YOUR INSTRUCTIONS:
Below are some records; return all of them exactly as they are.

Scraped caption text data:
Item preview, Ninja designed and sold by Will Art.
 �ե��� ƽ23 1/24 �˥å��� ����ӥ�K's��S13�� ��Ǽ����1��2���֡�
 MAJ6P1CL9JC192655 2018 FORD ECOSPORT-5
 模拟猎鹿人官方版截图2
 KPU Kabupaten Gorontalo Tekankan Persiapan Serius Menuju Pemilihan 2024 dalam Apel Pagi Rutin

SOLUTION TO THIS PROBLEM:
Item preview, Ninja designed and sold by Will Art.
 �ե��� ƽ23 1/24 �˥å��� ����ӥ�K's��S13�� ��Ǽ����1��2���֡�
 MAJ6P1CL9JC192655 2018 FORD ECOSPORT-5
 模拟猎鹿人官方版截图2
 KPU Kabupaten Gorontalo Tekankan Persiapan Serius Menuju Pemilihan 2024 dalam Apel Pagi Rutin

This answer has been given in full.